Pulp that has been broken down mechanically is often known as "groundwood pulp". The mechanical process to break down the wood chips into fibers uses no chemicals. Since the lignin is retained in mechanical pulp, there is a relatively high yield (90-98%) However, since the lignin is retained in pulp, paper made from this grade will tend to yellow when exposed to air and light. Because of this, mechanical pulp is most often used for newspapers and other non-permanent goods.

Pulp that is broken down chemically is known as "chemical pulp" The main purpose of a chemical pulping process is to break down the chemical structure of lignin and render is soluable in a liquid (most often water) so it may be washed from the remaining fibers. Removing the lignin from the wood chips also serves to break apart the chips into fibers that compose the pulp.

Recycled fibres do not need to be pulped in the conventional sense. These fibres have already been treated once, so instead they need a more gentle process to break the fibers apart while preserving their integrity.

Once the fibres have been extracted, they may also be bleached, dyed, or have additional ingredients added to alter the appearance of the final product. The addition of Kaolin (or calcium carbonate) for example results in the glossy papers typically used for magazines.

Sheet formation

The pulp mixture is then further diluted with water resulting in a very thin slurry. This dilute slurry is drained through a fine-mesh moving screen to form a fibrous web. A watermark may be impressed into the paper at this stage of the process. This moving web is pressed and dried into a continuous sheet of paper.

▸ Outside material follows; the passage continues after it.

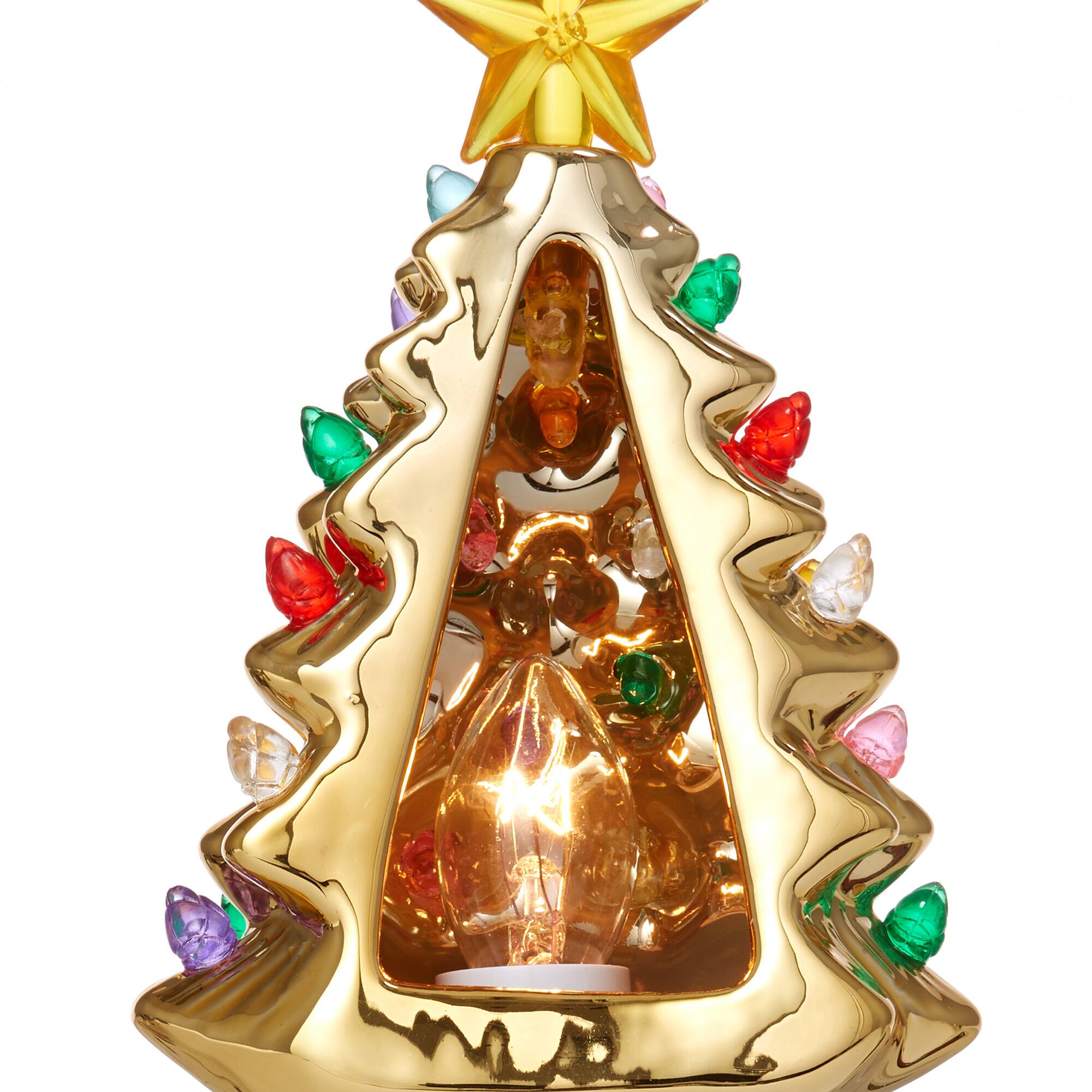 Alt View 3. Casafield - Ceramic Holiday Plug-in Vintage Decorative Night Light - Gold.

In the case of the mould process, a quantity of the pulp is placed into a form, with a wire-mesh base (or other draining device), so that the fibers are left coated on the mesh and excess water can drain away. At this time, pressure may be applied to remove more water through a squeezing action. The paper may then be removed from the mould, wet or dry, and go on to further processing.

Most mass-produced paper is made using a continuous (Fourdrinier) process to form a reel or web. When dried, this continuous web may be cut into rectangular sheets by slitting the web vertically and then cutting it horizontally to the desired length. Standard sheet sizes are prescribed by governing bodies such as the International Organization for Standardization (ISO).

Drying

After the paper web is produced, the water must be removed from it in order to create a usable products. This is accomplished through pressing and drying. The methods of doing so vary between the different processes used to make paper, but the concepts remain the same.

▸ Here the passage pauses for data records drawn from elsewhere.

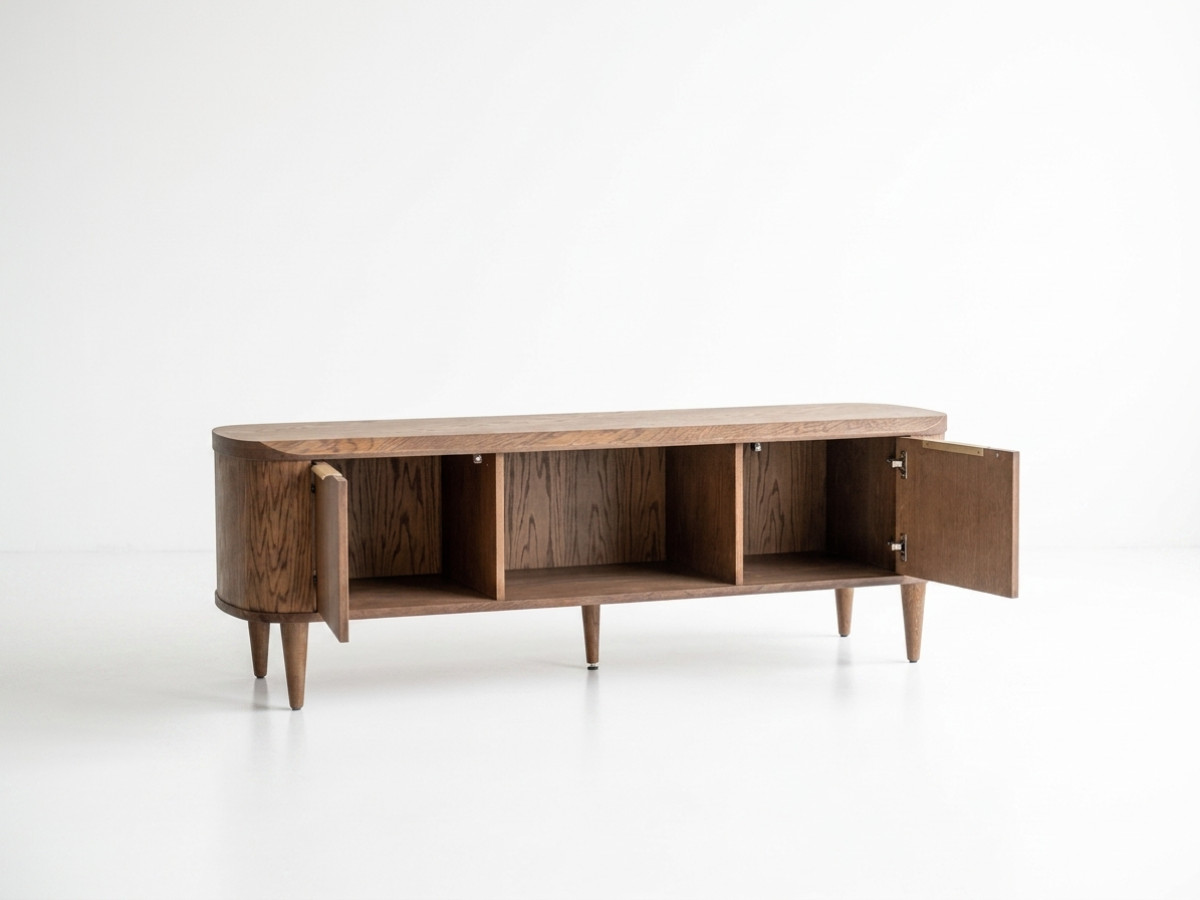 Ensemble MAZARGUES avec buffet 180 cm + meuble TV 180 cm placage chêne massif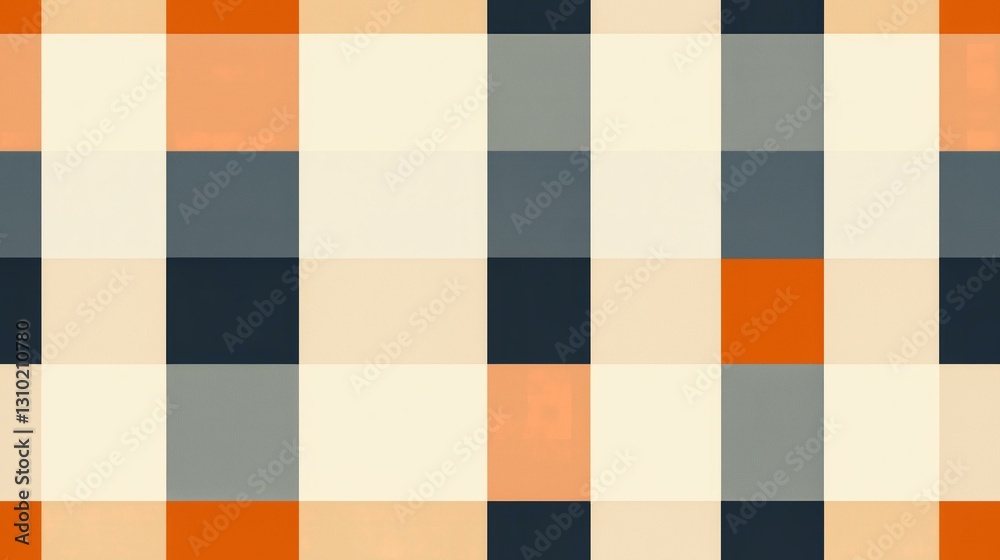 Bold Plaid Seamless Pattern in Orange, Blue, and Beige Bold Plaid Seamless Pattern in Orange, Blue, and Beige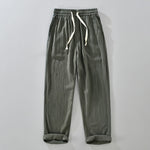 Buddha Stones Summer Casual Vintage Drawstring Solid Long Pants Men's Tapered Pants With Pockets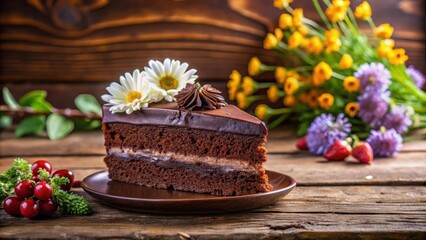 Poster - A single slice of chocolate cake, adorned with delicate white flowers, sits on a brown plate against a backdrop of rustic wood and a vibrant bouquet of flowers, hinting at a sweet celebration.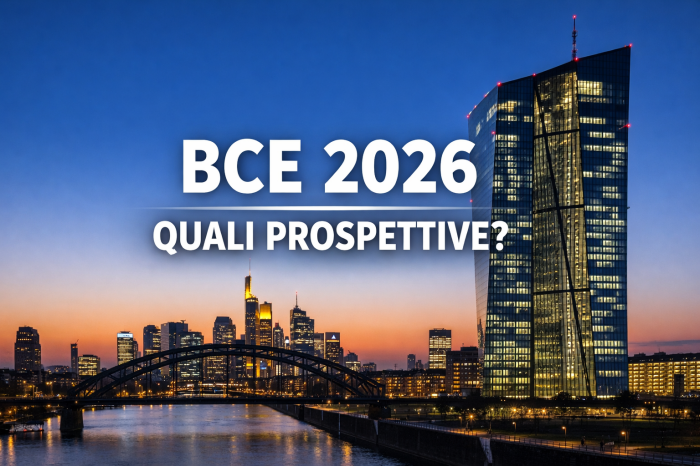 BCE: tassi fermi a febbraio e prospettive per il 2026 Sede della Banca Centrale Europea a Francoforte al tramonto, con skyline urbano e fiume in primo piano; titolo centrato nell’immagine: “BCE 2026 – Quali prospettive?”.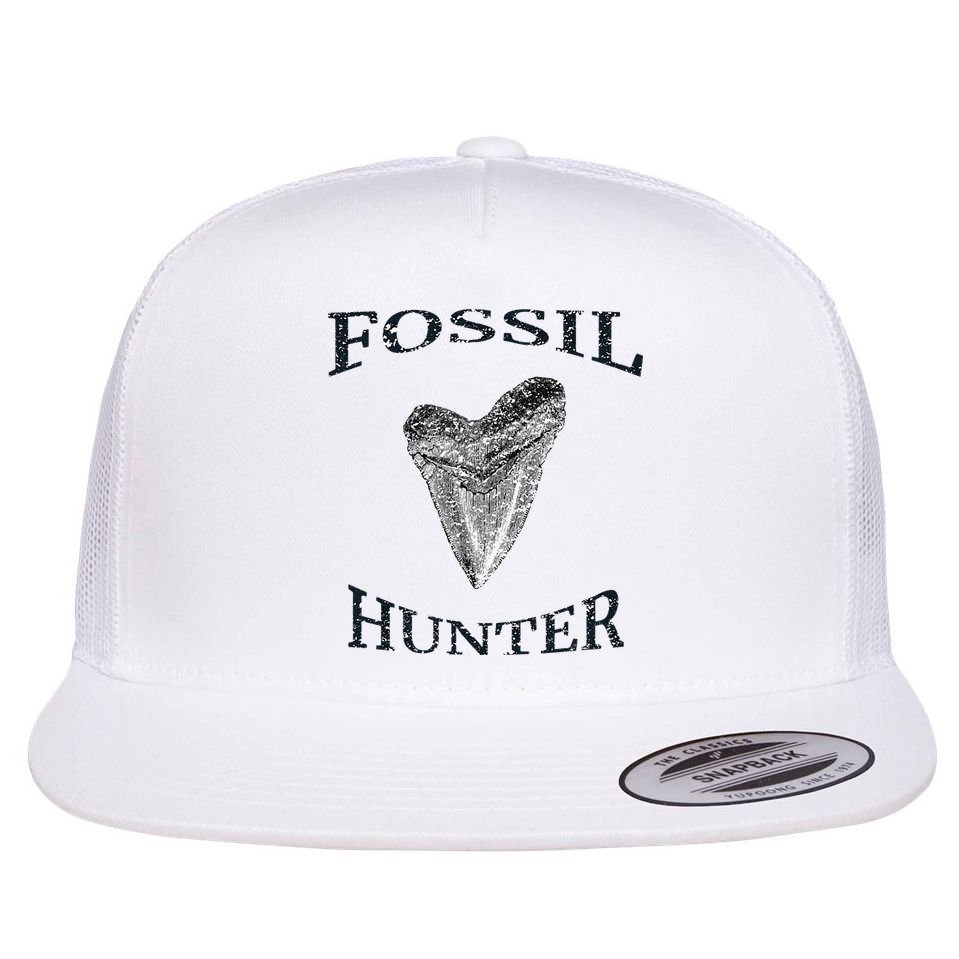 Great Distressed Fossil Hunter Megalodon Tooth Enthusiast Flat Bill Trucker Hat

Pressing the sheet removes the water by force. Once the water is forced from the sheet, there must be another absorbant material to absorb the water removed from the sheet. On a paper machine this is a felt (not to be confused with the traditional felt ) and when handmade, this is often a blotter sheet.

Drying involves using air and or heat to remove water from the paper sheet. In the earliest days of papermaking this was done by hanging the paper sheets like laundry. In more modern times, various forms of heated drying mechanisms are used. On the paper machine, the most common is a steam-heated can dryer. These dryer cans heat to temperatures above 200ºF and are used in long sequences of more than 40 cans. The heat produced by these can easily dry the paper to less than 6% moisture.

Applications

Paper trimmer

A "bursting machine"

This man is enjoying the many benefits of paper in a safe, healthy way.

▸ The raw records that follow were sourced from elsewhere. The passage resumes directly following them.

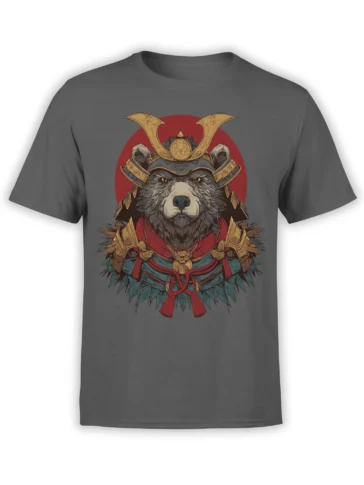 Gray bear in ornate samurai-style armor with gold details and a red backdrop on a T-shirt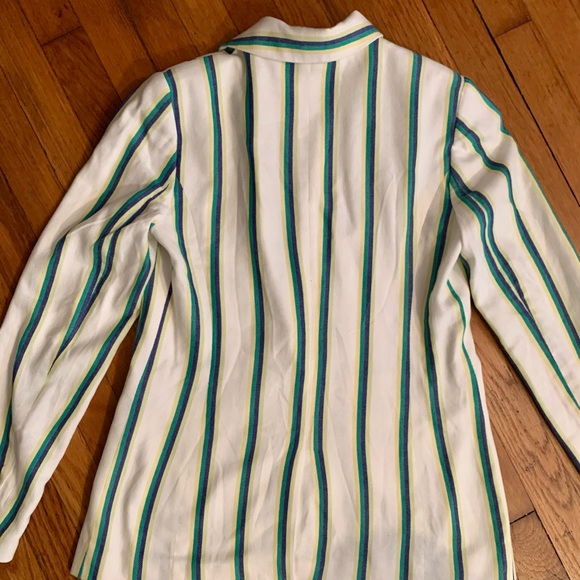 Halogen Nordstrom ladies striped cotton blend blazer Sophisticated & sexy XS - Picture 8 of 8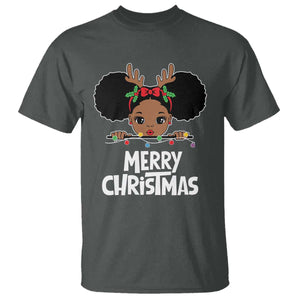 African American Christmas T Shirt Merry Christmas Cute Black Girl Kids TS09 Dark Heather Print Your Wear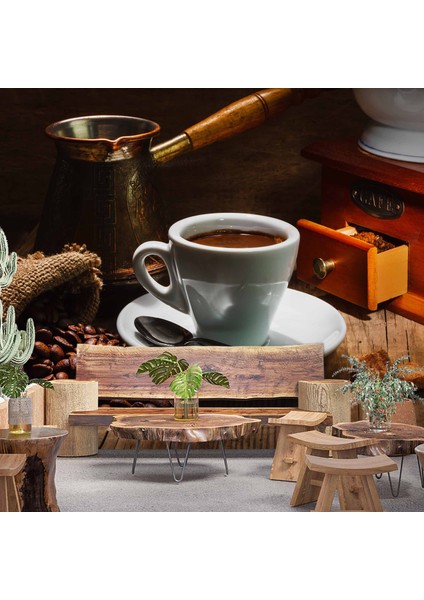 Kahve Temalı Cafe Duvar Kağıdı Baskı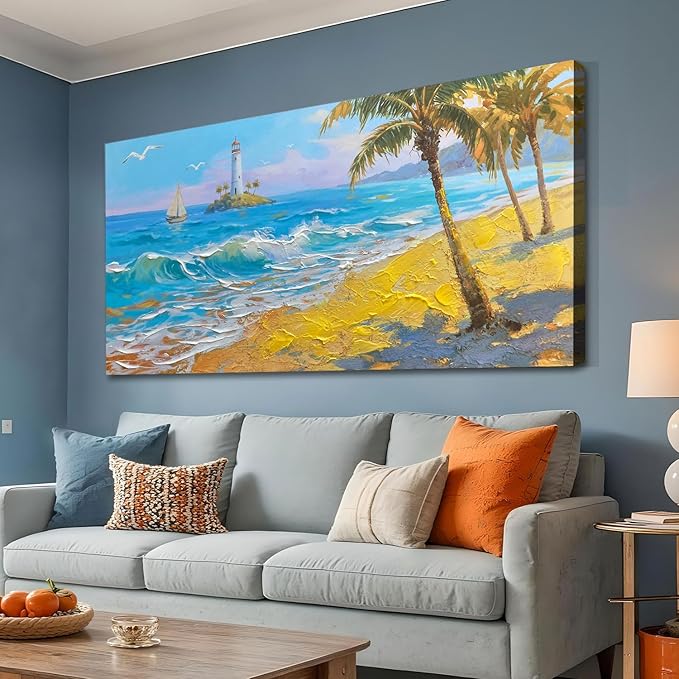 Brushart Beach Canvas Wall Art for Living Room Large, Coastal Bedroom Picture, Painting Wall Decor Ocean Textured Artwork for Walls Home Office 58"x29"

• To write or print on: the piece of paper becomes a document; this may be for keeping a record (or in the case of printing from a computer or copying from another paper: an additional record) and for communication; see also reading.

• To represent a value:
  • paper money
  • bank note
  • check
  • security
  • voucher
  • ticket
• For entertainment:
  • book
  • magazine
  • newspaper
• For packaging:
  • envelope
  • wrapping tissue
  • wallpaper
• For cleaning (see also tissue, Kleenex):
  • toilet paper
  • handkerchiefs
  • paper towels
  • cat litter
• For construction
  • papier-mâché
  • origami

History

The word paper comes from ancient Egyptian writing material called papyrus, which was woven from papyrus plants. Papyrus was produced as early as 3000 BC in Egypt, and then in ancient Greece and Rome. Further north, parchment or vellum, made of processed sheepskin or calfskin, replaced papyrus which requires subtropical conditions for growth. In China, documents were ordinarily written on bamboo, making them very heavy and awkward to transport. Silk was sometimes used, but was usually too expensive to consider. Most of the above materials were rare and costly.

The Chinese court official Cai Lun described the modern method of papermaking in AD 105; he was the first person to describe the method of making paper from cotton rags. Other sources date back the invention of papermaking in China to 150 BC. It spread slowly outside of China; other East Asian cultures, even after seeing paper, could not figure out how to make it themselves. Instruction in the manufacturing process was required, and the Chinese were reluctant to share their secrets. The technology was firstly transferred to Korea in 600 and then imported to Japan by Korean Buddhist priest, Dam Jing, in 625, where fibres (called bast) from the mulberry tree were used. After commercial trades and the defeat of the Chinese in the Battle of Talas, the invention spread to the Middle East, where it was adopted by the Indians and subsequently by the Italians in about the 13th century. They used hemp and linen rags. The oldest known paper document in the West is the Missel of Silos from the 11th century.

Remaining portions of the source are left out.